### [Task to carry out]
Copy each line of the records exactly, stopping only after the line that contains "A styled flat" has been written, and leave pictures out.

### [Input material]
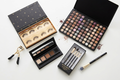 Makeup products including eyeshadow palettes, eyelashes, and brushes on a white background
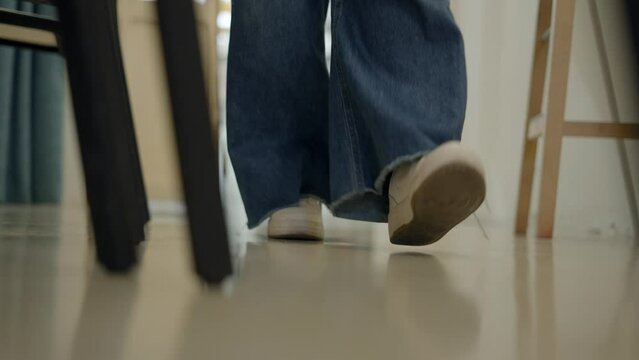 Slow-motion woman's legs in white snickers and jeans walking towards the camera lens  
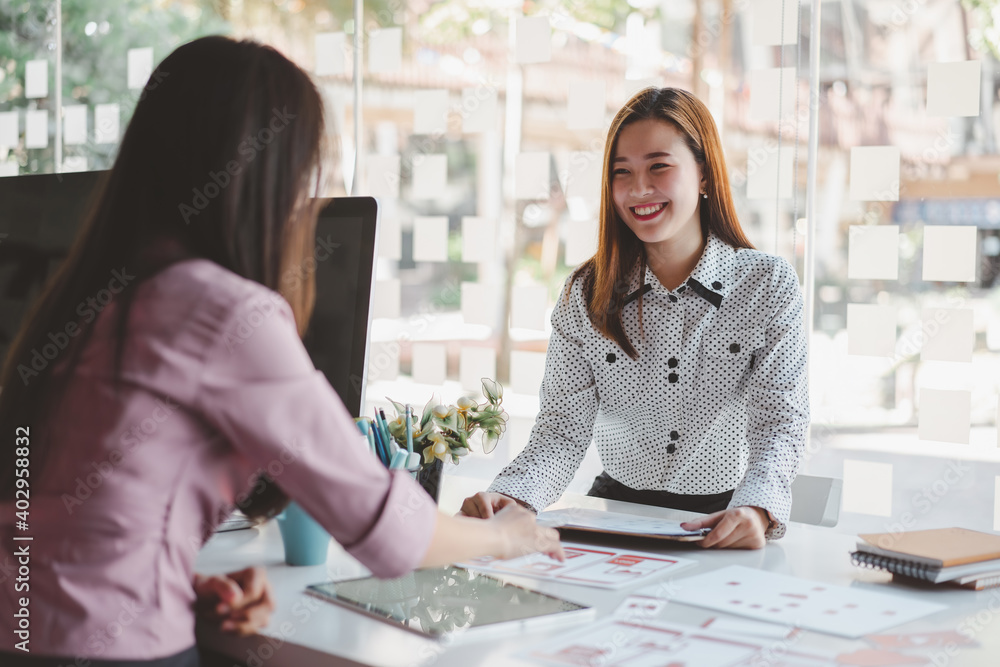 Two young asian women colleagues in smart casual wear planning business strategy together at the modern coworking space.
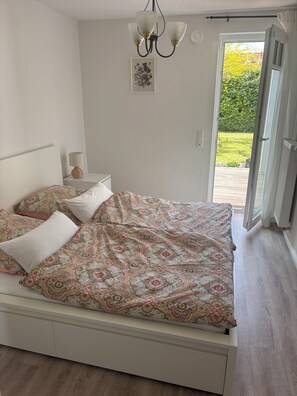 Une chambre à coucher comprenant un lit, une table de chevet, une lampe, un lustre, une porte donnant sur un balcon et un tableau encadré accroché au mur.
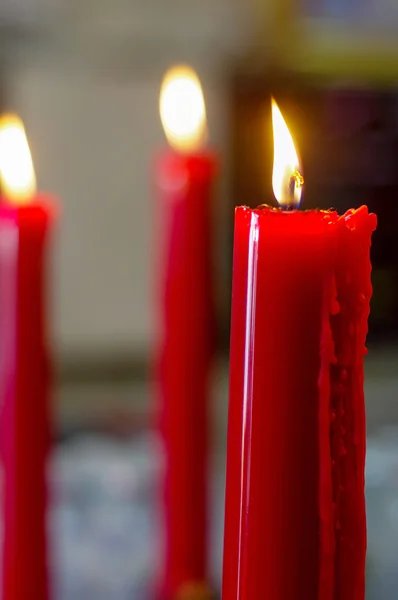 Mnoho rudých pálení, dlouhé svíčky v chrámu budist — Stock fotografie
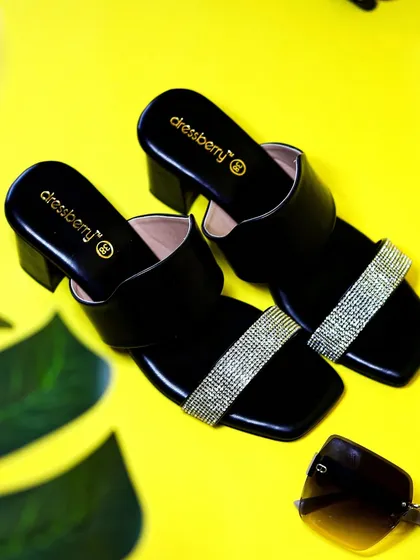 A styled flat lay of Dressberry block heels with sunglasses on a yellow background, creating a complete, ready-for-summer fashion story.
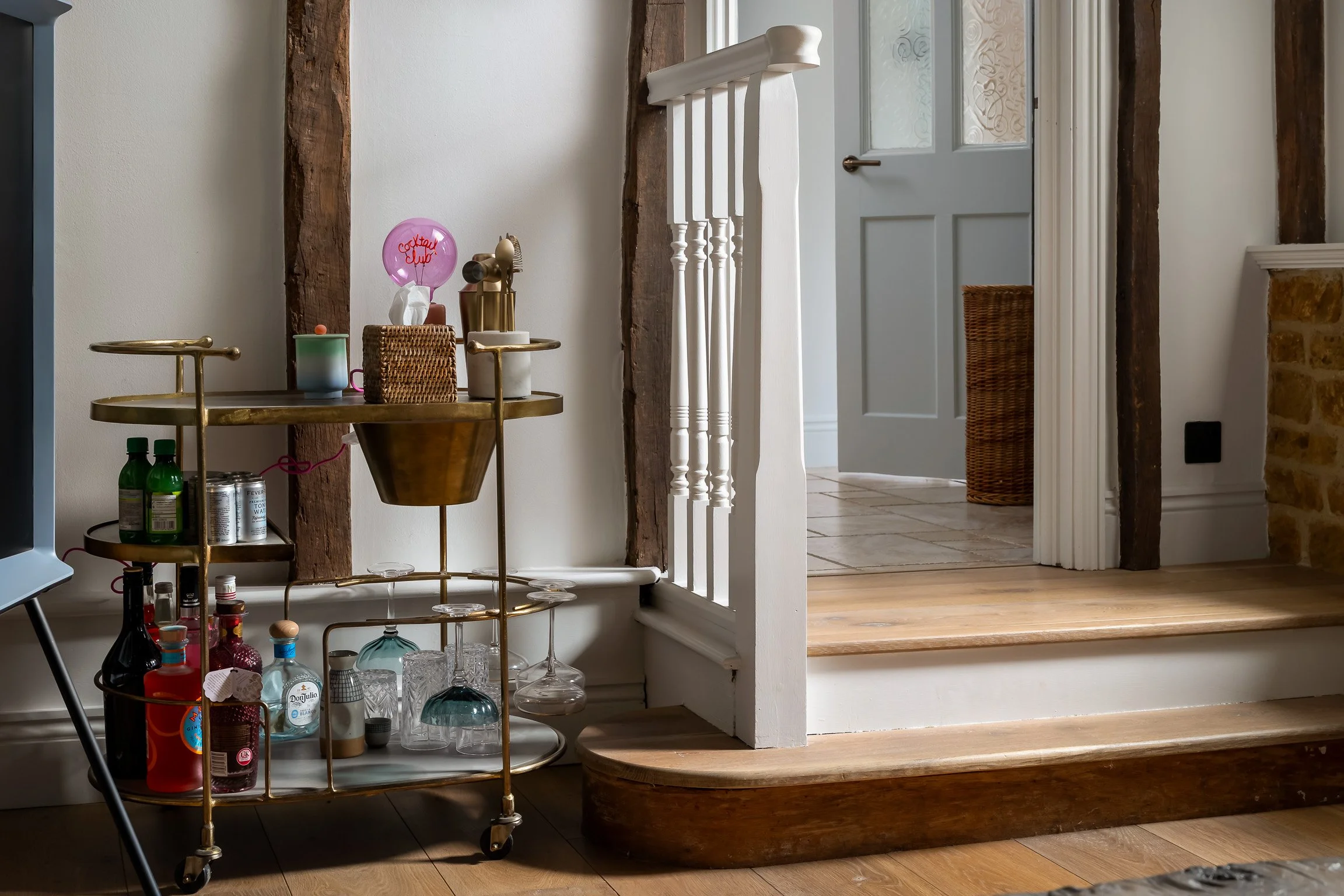 A brass bar cart with bottles, glasses, and decor, positioned next to a white wall with a rustic wooden beam, and a doorway leading to a tiled room with a woven basket. The room has wooden floors and trim.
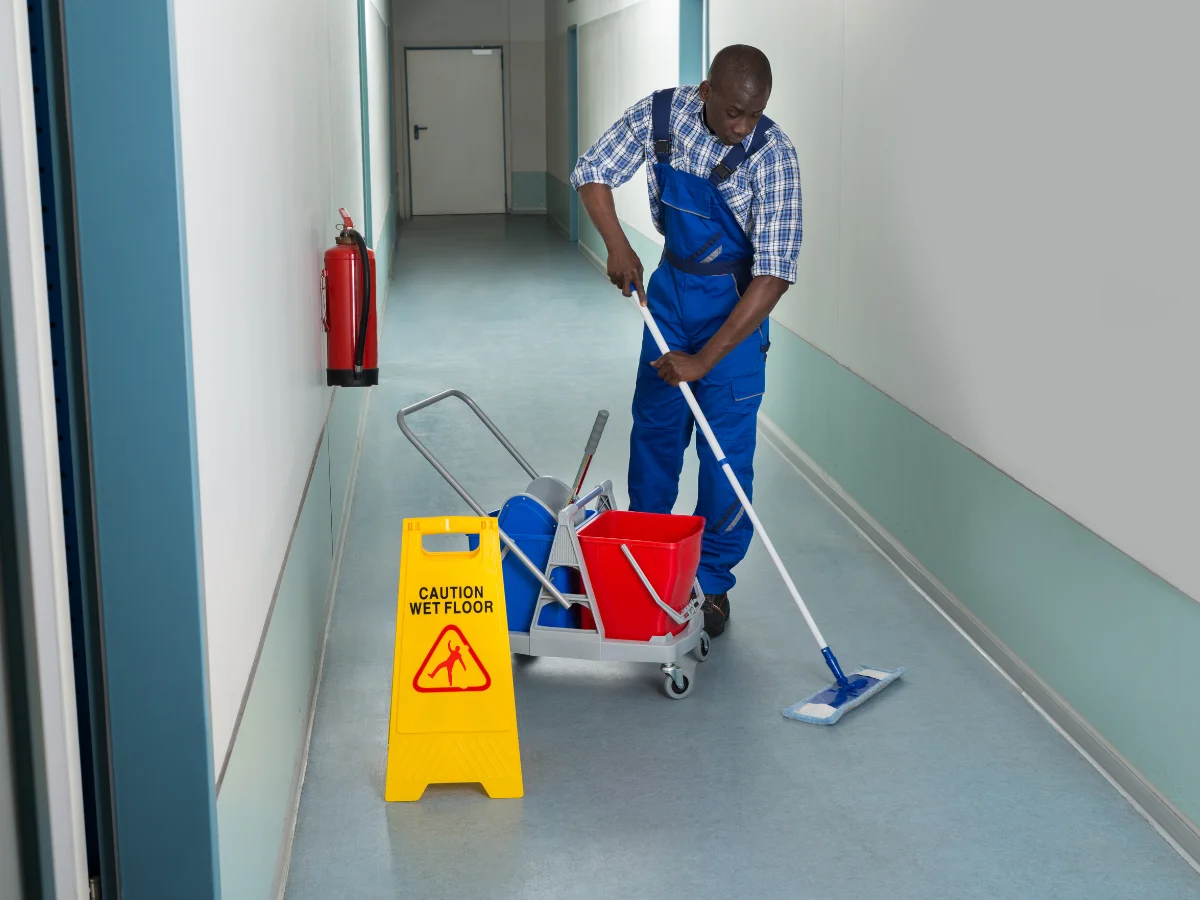 A professional cleaner mopping the classroom hallway.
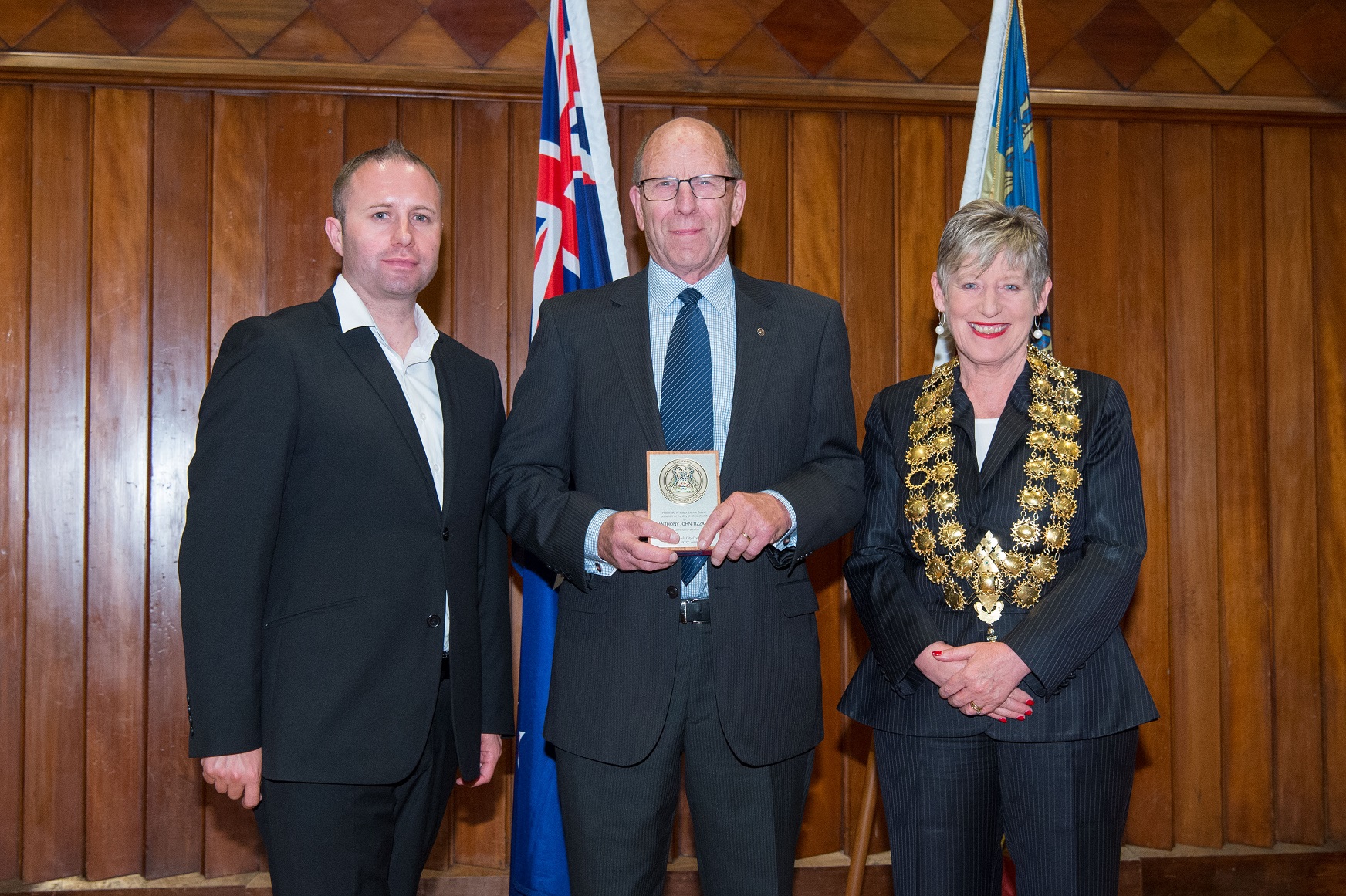 Anthony Tizzard receiving his award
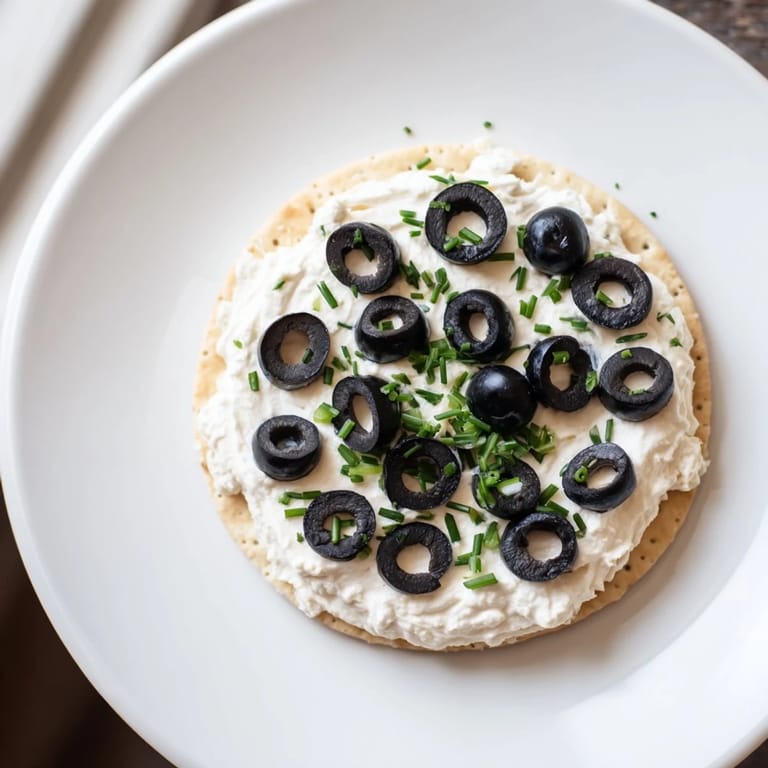 A plate of Gold Medal Olympic Ring Appetizers: colorful, bite-sized crackers ready to eat now.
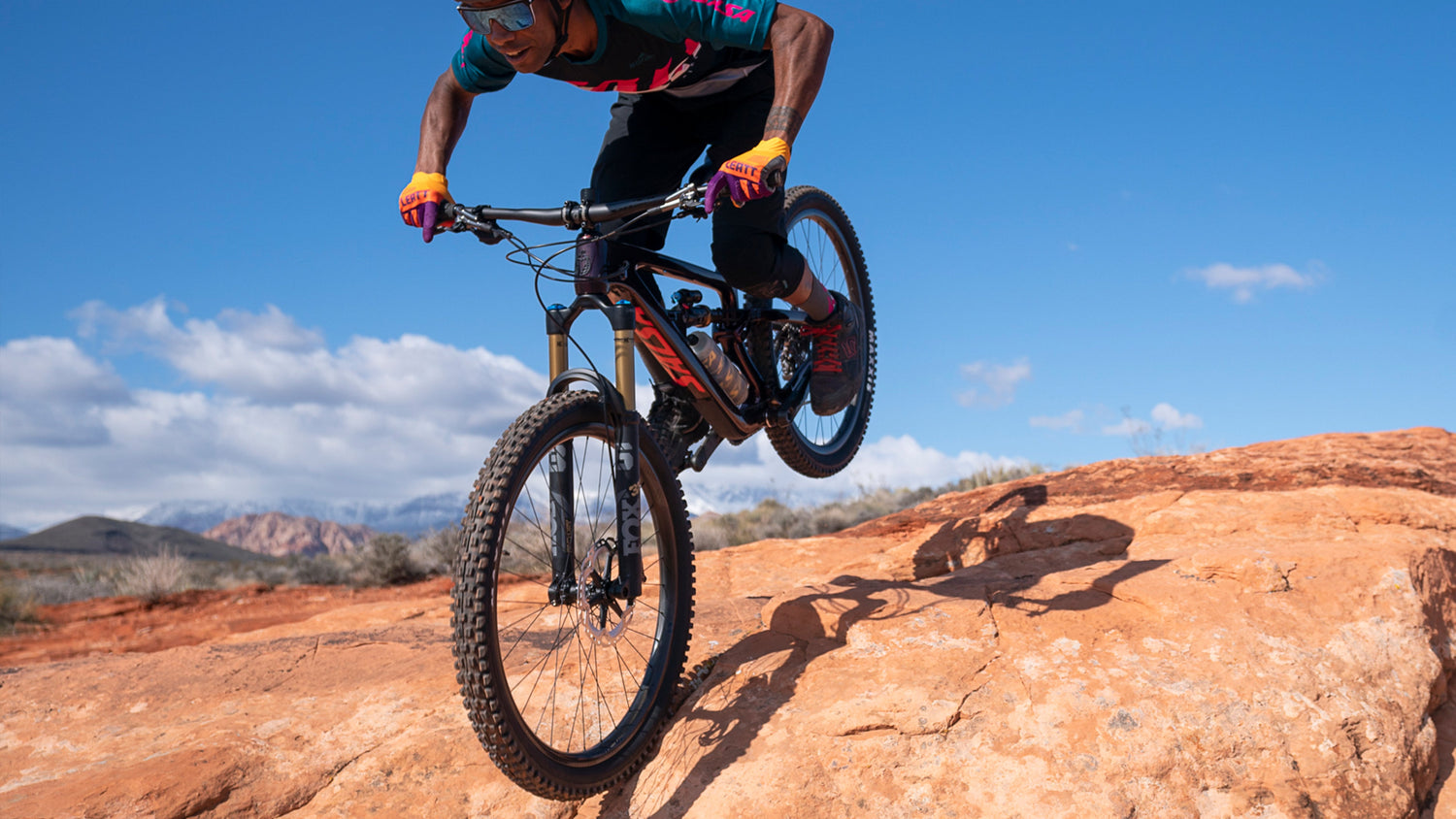 Mountain biker gets air over red rocks while riding a Salsa Blackthorn full suspension bike.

### [Your solution]
 Makeup products including eyeshadow palettes, eyelashes, and brushes on a white background
 Slow-motion woman's legs in white snickers and jeans walking towards the camera lens  
 Two young asian women colleagues in smart casual wear planning business strategy together at the modern coworking space.
 Une chambre à coucher comprenant un lit, une table de chevet, une lampe, un lustre, une porte donnant sur un balcon et un tableau encadré accroché au mur.
 Mnoho rudých pálení, dlouhé svíčky v chrámu budist — Stock fotografie
 A styled flat lay of Dressberry block heels with sunglasses on a yellow background, creating a complete, ready-for-summer fashion story.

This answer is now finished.